Klaus und Corinna Scherenberg nutzen für die Geburtsüberwachung die neueste Technologie: Auf dem Handy und dem Tablet sehen sie eine Live-Übertragung der in den Ställen eingebauten Kameras. Zudem tragen die Stuten einen Geburtsmeldergurt, der Alarm schlägt, sobald es so weit ist. Einen Tierarzt rufen die Züchter nur im Notfall. „Früher haben wir eine Kamera mit einem Kabel verbunden und konnten die Geburt nur auf einem Fernseher verfolgen - das waren schlaflose Nächte“, erzählt das Paar.
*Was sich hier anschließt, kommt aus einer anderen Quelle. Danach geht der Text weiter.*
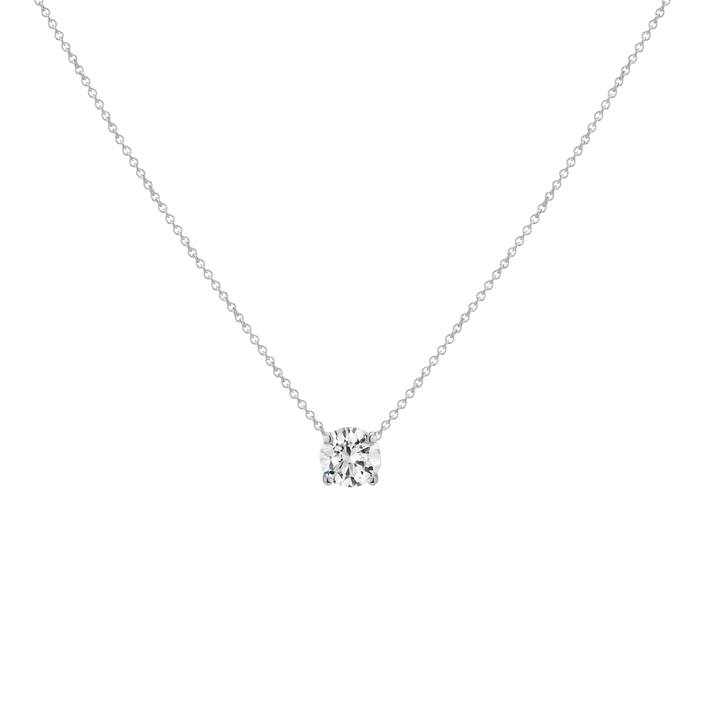 0.75ct Round Lab Grown Diamond Necklace 14k White Gold First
Klaus Scherenberg nutzt für die Zuchtstuten die künstliche Besamung statt des Natursprungs und ist bei jeder Geburt dabei. „Es macht schon Spaß, wenn man sich vorher überlegt, wie das Fohlen aussehen soll und man es dann nach elf Monaten sieht“, sagt Corinna Scherenberg.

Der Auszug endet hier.